With a tide of new regulation, Directors face significant repercussions if they are found negligent in their duties. High profile attacks may even spawn lawsuits on the ground of organizational mismanagement, wasting of corporate assets and abuse of control.
Despite having finite resources, your Boardroom has the same fiduciary responsibility to protect the sensitive information of its stakeholders. Approaching cyber security in an intelligent and cost-effective way is achievable.
ACTION ITEM:
The most prepared nonprofits move beyond acknowledgement to commitment. The task then becomes understanding the many risks related to cyber security and implement systems and procedures that make incremental improvements to your digital defense.
When resource capabilities are limited, consider a finding from the Australian Signals Directorate that suggests the following four strategies could have been used to thwart 85 percent of detected intrusions:
1. Prevent malicious software and unapproved programs from running by restricting the programs that can run on your system (“Whitelisting”)
2. Continually patch software applications such as Flash, web browsers, Microsoft Office, Java and PDF viewers
3. Ensure the operating systems are patched with current updates
4. Restrict administrative privileges (the ability to change settings or install software)
Myth #3 "Cyber security is a technical process for the IT department to handle"
In our work with nonprofits, it’s evident that one mental hurdle still needs to be cleared: the caricature of the modern hacker.
You are more likely to suffer a data or security breach following the actions of someone inside your organization, than a lone-wolf hacker on the outside.
A 2015 HM Government Information Security Breaches Survey found that 81 percent of large organizations reported some staff involvement in the breaches they suffered.
If an employee misuses their access to restricted material, either to cause harm or simply through negligent behavior, the results could be extremely damaging. The strongest firewall in the world can’t prevent a data or security breach if it’s facing in the wrong direction.
Cyber security calls for more holistic, business-focused approach and strategic thinking beyond the IT department.
Why is this the case?

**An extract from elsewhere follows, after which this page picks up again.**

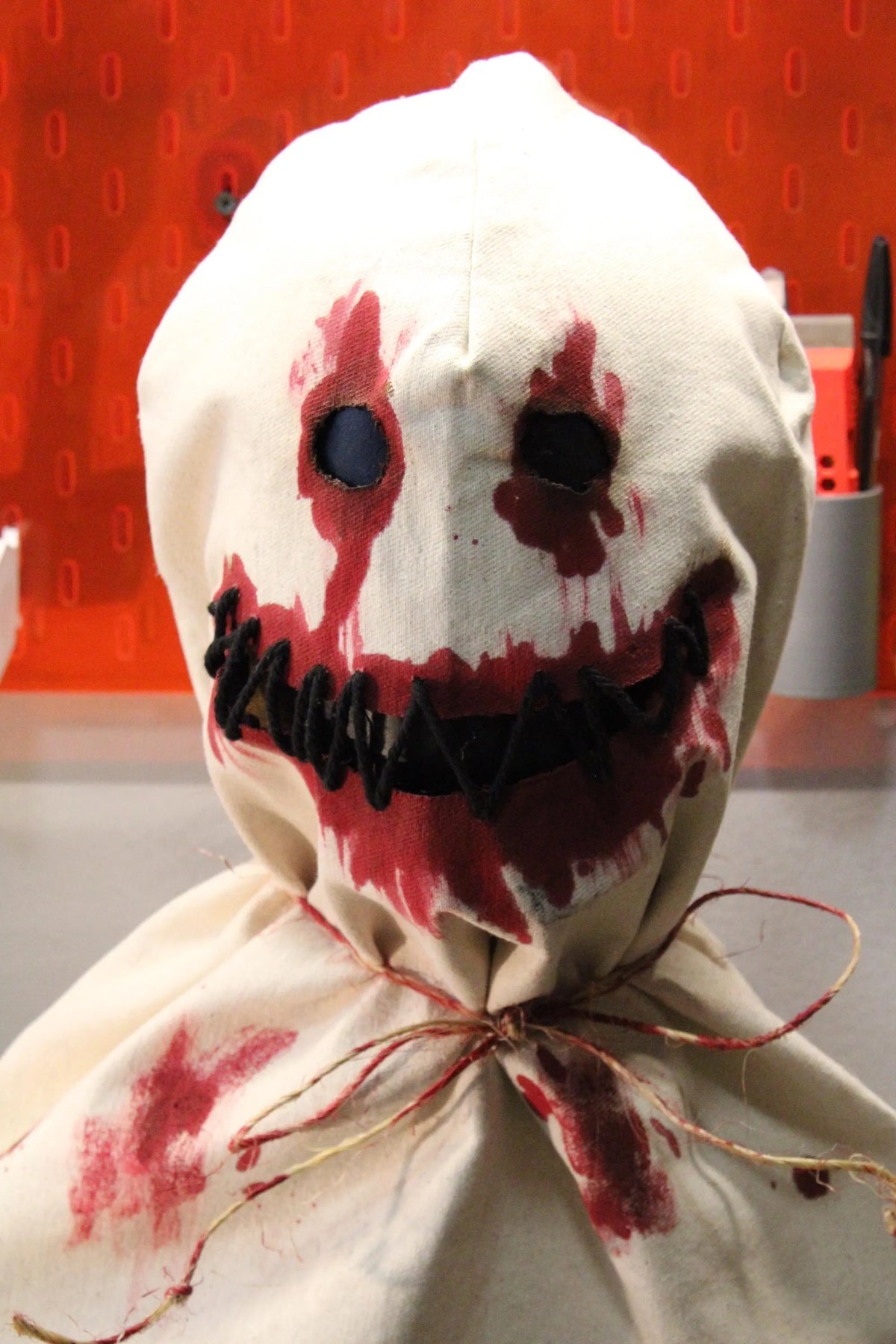 Bloody Burlap Sack Mask Stitched Smile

Cyber security is not just a technical problem, or extreme risk. It’s also a people problem with technology integrations. The largest threat to secure information is in fact people.
ACTION ITEM
Invest in security training: Regular training for all staff members is an important first step. Helping your staff to recognize suspicious emails (phishing emails) as well as educating them on the proper safety controls can go a long way in the protection of sensitive data. Empowering your management team to champion correct data security is a doorway into a culture of greater cyber security awareness.
Have a password policy: On a practical level, if you have a member or employee portal that grants access private information on your network via a password, it’s important to control and monitor this gateway. Do you require two-factor authentication as an added layer of security? Do you have a minimum length for passwords?
Include cyber security in your budget: Open source software and platforms are popular amongst nonprofits because they can be accessed very cheaply. However, open source means the source code is viewable (and in some cases editable) to the public.
This can create vulnerabilities in the software and compromise your security. Many older operating systems, such as Windows XP, are no longer supported with security updates and therefore make data breaches more likely.
Consider a secure online payment processor: If you receive membership dues or run conferences which collect a fee, your payment processor needs to be secure from end to end.
Reasonable Diligence, Not Perfection
Fraud and cyber threats are ubiquitous. While anti-fraud controls can effectively reduce the likelihood and potential impact of fraud, the truth is that no entity is immune to this growing threat. Your role is to protect your organization as best you can. This begins by confronting any assumptions you may have about cyber security, and beginning the process of equipping your team members and organization for the future.